Tradition teaches that each of us must relate to the Pesach story as though it had happened not then to them but also to us. The movement from constriction to freedom is recapitulated in every life, in the trajectory of every soul. But it's not just an individual story; the Pesach story is also a collective one. After the Exodus our mixed multitude became a people. We went forth together, and together we grew into something new, something greater than the sum of its parts. We went from being slaves of Pharaoh to being servants of the One. This is the core story of Jewish peoplehood.

The Pesach story doesn't offer easy answers. Torah reminds us that once the children of Israel leave Egypt they kvetch bitterly, missing the familiar comforts of the life they used to know even though that life contained grief and silencing and hard labor. That's human nature. It's hard to leave what we've known, even if we believe that God is bringing us forth from where we've been in order that we might be made new. In order that we might serve from that place of having been made new. Each of us has to choose, time and again, to become. To be open to changing. To learn to bloom.

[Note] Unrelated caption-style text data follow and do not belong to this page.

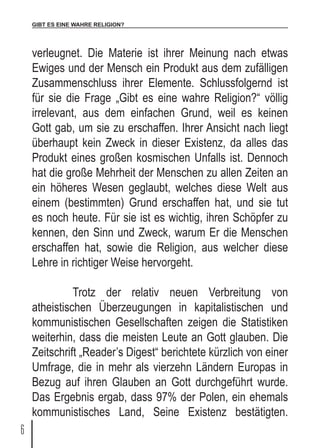 GIBT ES EINE WAHRE RELIGION?
6
verleugnet. Die Materie ist ihrer Meinung nach etwas
Ewiges und der Mensch ein Produkt aus dem zufälligen
Zusammenschluss ihrer Elemente. Schlussfolgernd ist
für sie die Frage „Gibt es eine wahre Religion?“ völlig
irrelevant, aus dem einfachen Grund, weil es keinen
Gott gab, um sie zu erschaffen. Ihrer Ansicht nach liegt
überhaupt kein Zweck in dieser Existenz, da alles das
Produkt eines großen kosmischen Unfalls ist. Dennoch
hat die große Mehrheit der Menschen zu allen Zeiten an
ein höheres Wesen geglaubt, welches diese Welt aus
einem (bestimmten) Grund erschaffen hat, und sie tut
es noch heute. Für sie ist es wichtig, ihren Schöpfer zu
kennen, den Sinn und Zweck, warum Er die Menschen
erschaffen hat, sowie die Religion, aus welcher diese
Lehre in richtiger Weise hervorgeht.
	 Trotz der relativ neuen Verbreitung von
atheistischen Überzeugungen in kapitalistischen und
kommunistischen Gesellschaften zeigen die Statistiken
weiterhin, dass die meisten Leute an Gott glauben. Die
Zeitschrift „Reader’s Digest“ berichtete kürzlich von einer
Umfrage, die in mehr als vierzehn Ländern Europas in
Bezug auf ihren Glauben an Gott durchgeführt wurde.
Das Ergebnis ergab, dass 97% der Polen, ein ehemals
kommunistisches Land, Seine Existenz bestätigten.
 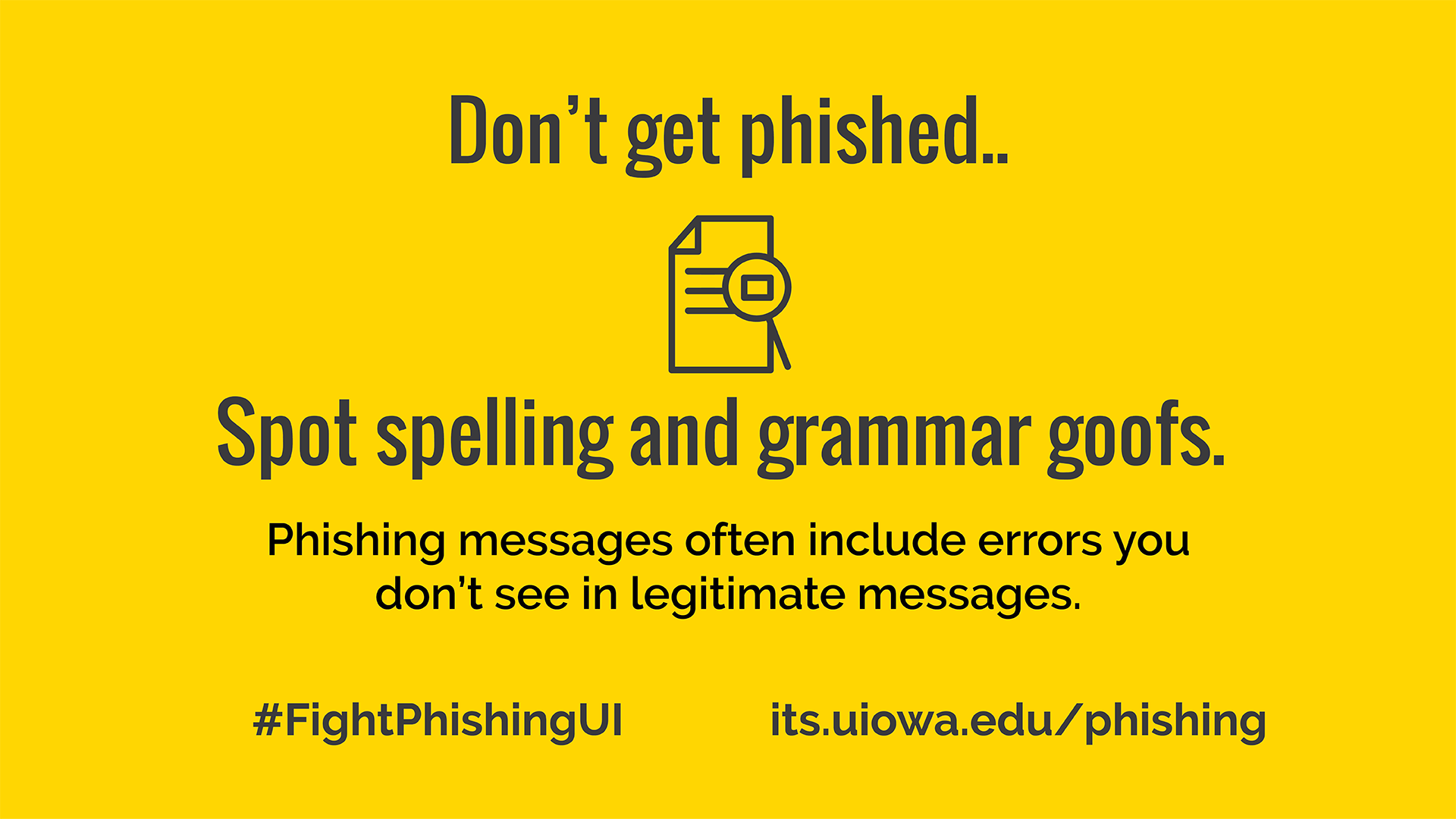 Don't get phished.. tSpot spelling and grammar goofs. Phishing messages often include errors you don't see in legitimate messages. #FightPhishingUI its.uiowa.edu/phishing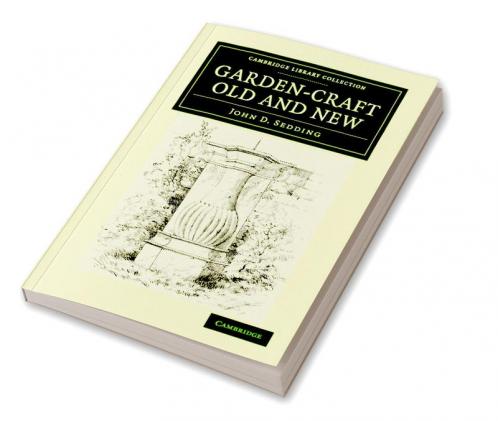 Garden-Craft Old and New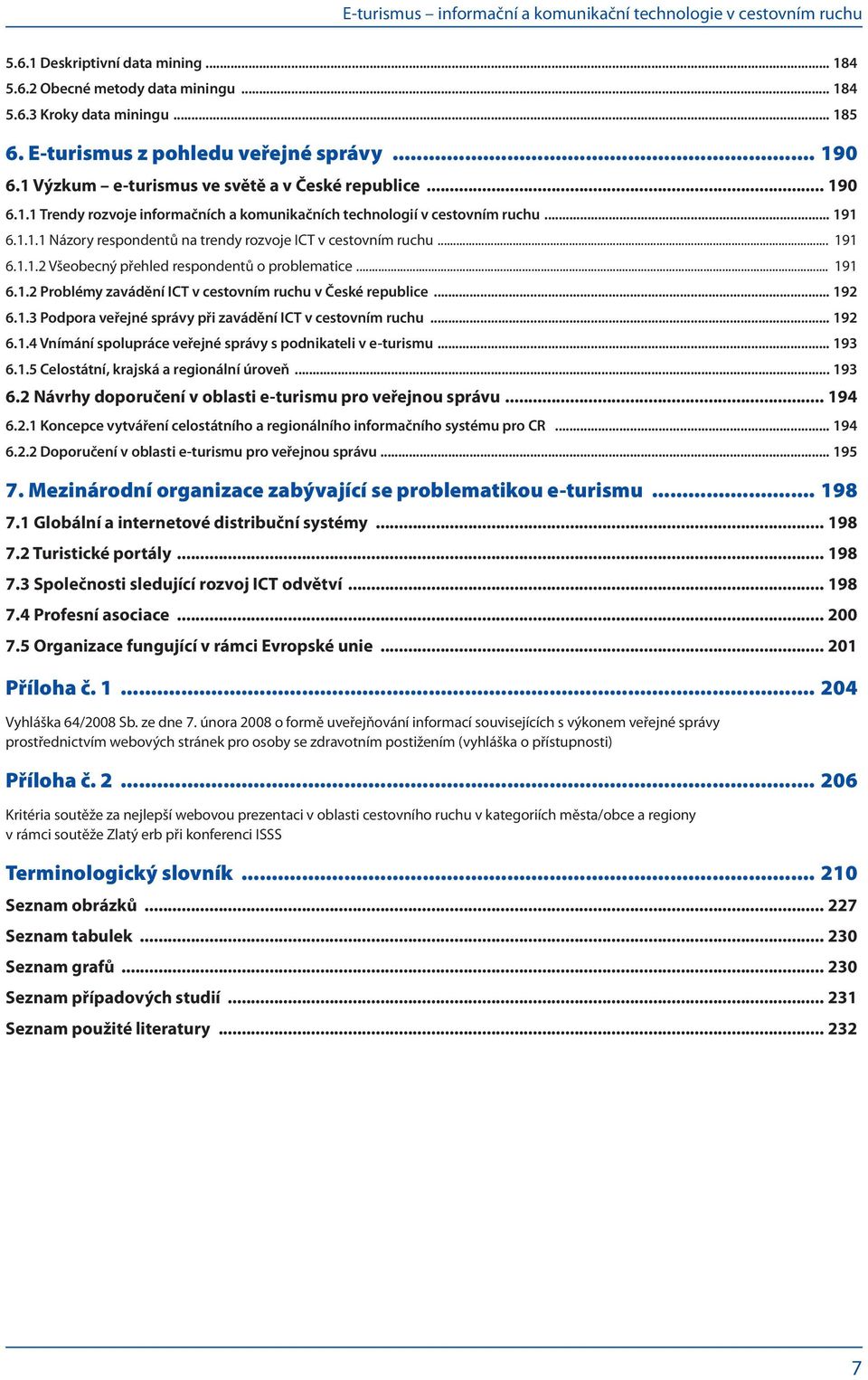 .. 191 6.1.1.2 Všeobecný přehled respondentů o problematice... 191 6.1.2 Problémy zavádění ICT v cestovním ruchu v České republice... 192 6.1.3 Podpora veřejné správy při zavádění ICT v cestovním ruchu.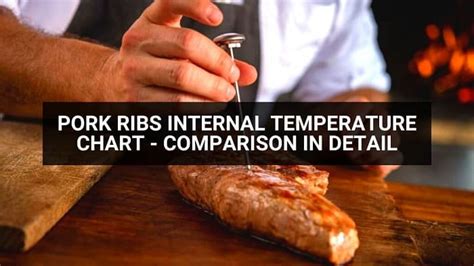 Pork Ribs Internal Temperature Chart [2024] | MyKitchenView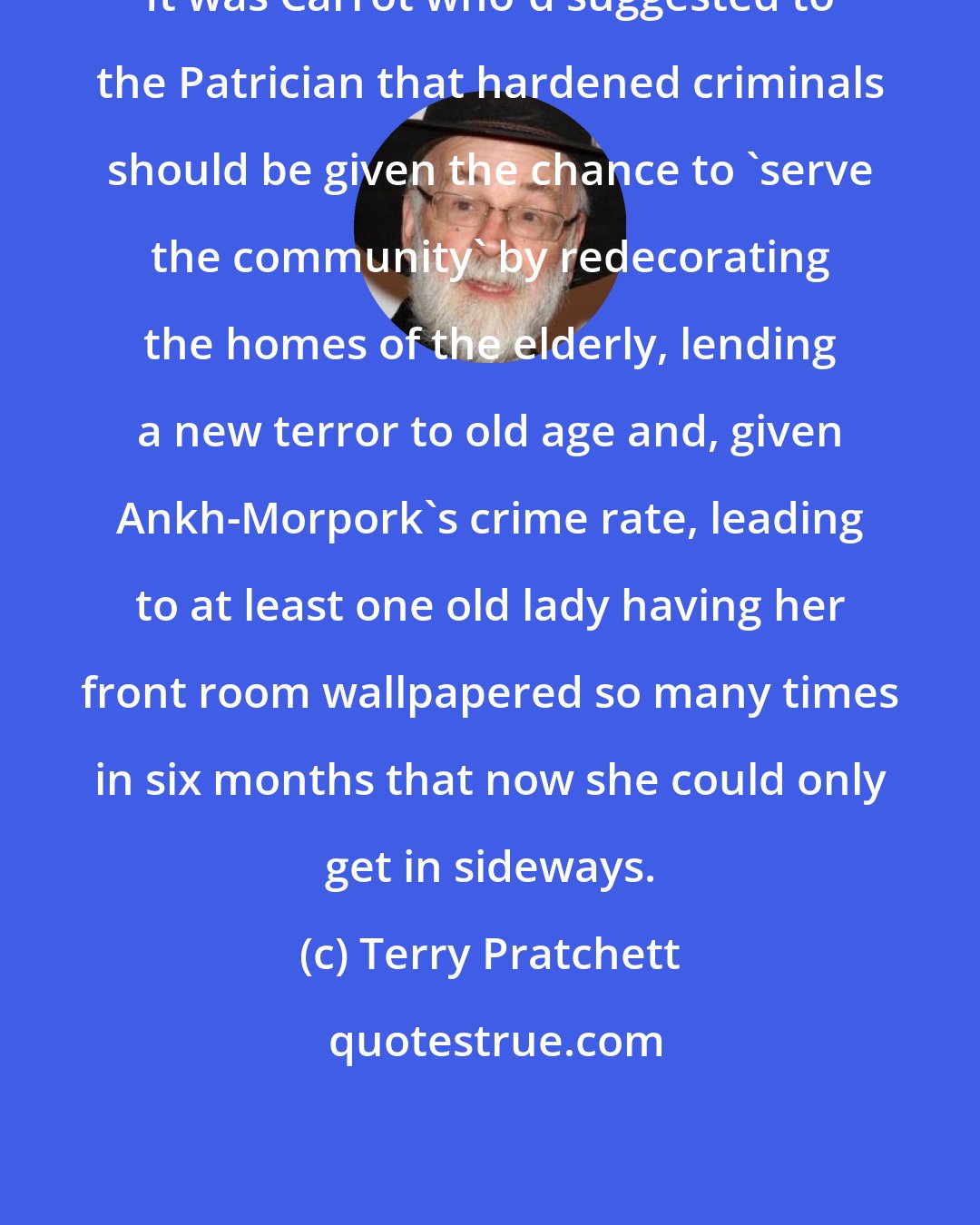 Terry Pratchett: It was Carrot who'd suggested to the Patrician that hardened criminals should be given the chance to 'serve the community' by redecorating the homes of the elderly, lending a new terror to old age and, given Ankh-Morpork's crime rate, leading to at least one old lady having her front room wallpapered so many times in six months that now she could only get in sideways.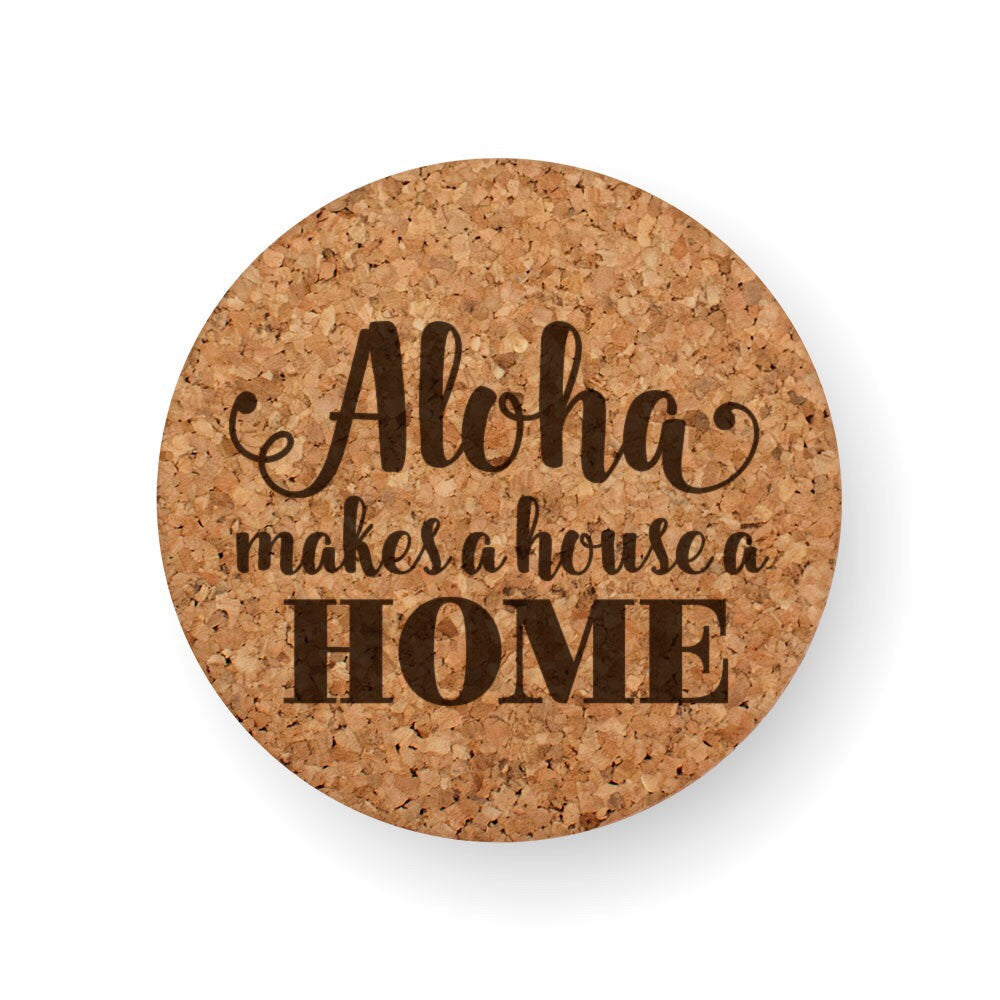 Pop-Up Mākeke - Workshop 28 HI - Aloha Makes A House A Home Round Cork Coaster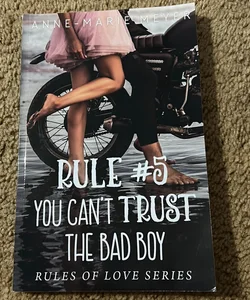 Rule #5: You Can't Trust the Bad Boy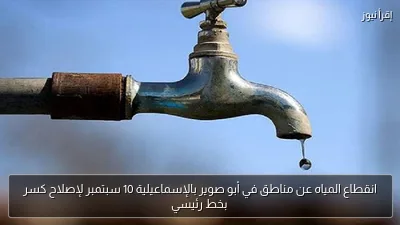 انقطاع المياه عن مناطق في أبو صوير بالإسماعيلية 10 سبتمبر لإصلاح كسر بخط رئيسي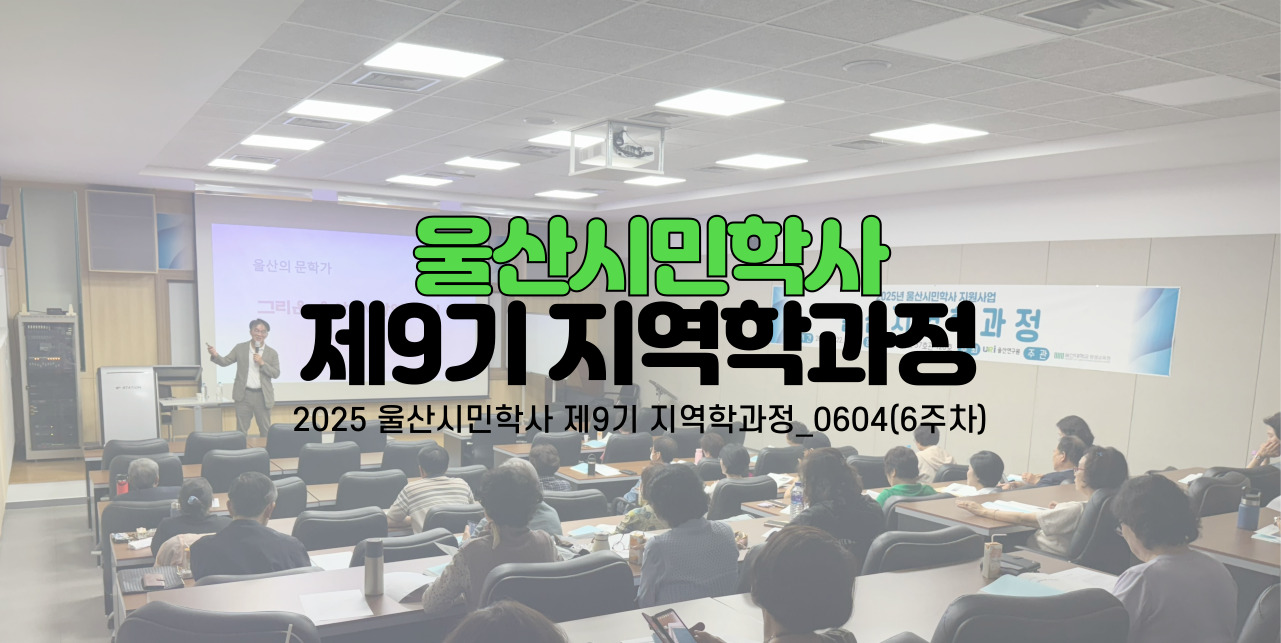 2025 울산시민학사 제9기 지역학과정_0604(6주차)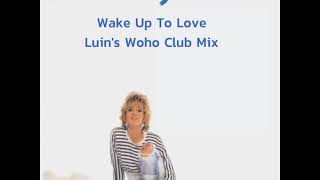 Debbie Gibson - Wake Up to Love (Luin&#39;s Woho Club Mix)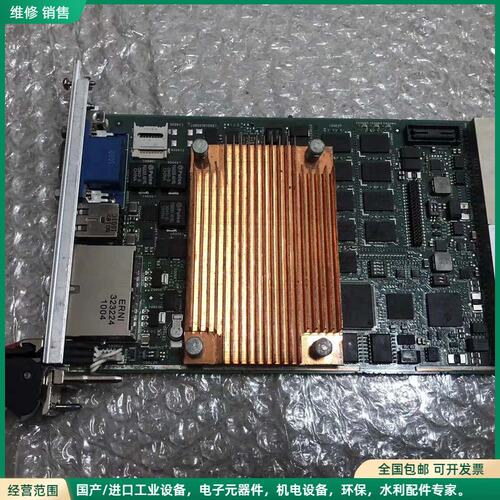 可维修COMPACTPCI控制板8406883G61D现货E315
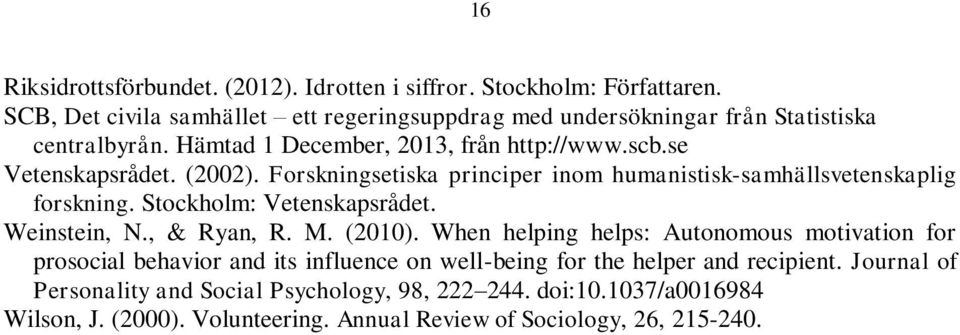 (2002). Forskningsetiska principer inom humanistisk-samhällsvetenskaplig forskning. Stockholm: Vetenskapsrådet. Weinstein, N., & Ryan, R. M. (2010).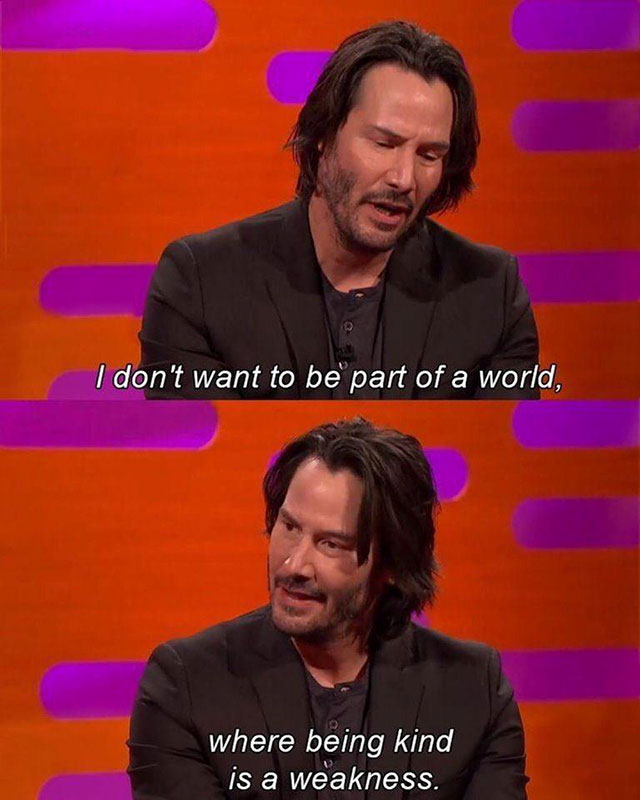 Keanu Reeves - I don't want to be part of a world, where being kind is a weakness.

Blooming is a risk. There could be a late frost, or not enough rain, or not enough sun. Anything could go wrong! There are always reasons not to bloom, or not to bloom yet. Pesach comes to call us out of those reasons. The One Who spoke to Moshe from the burning bush claimed the name "I Am Becoming What I Am Becoming." Our God is always becoming, and so are we. The day comes when the risk of remaining tight in a bud is greater than the risk of choosing to follow God's example and become. Maybe this is that day. What would you need in order to trust that this can be that day for you?

Chag sameach -- wishing a deep and sweet and meaningful Pesach to all who celebrate.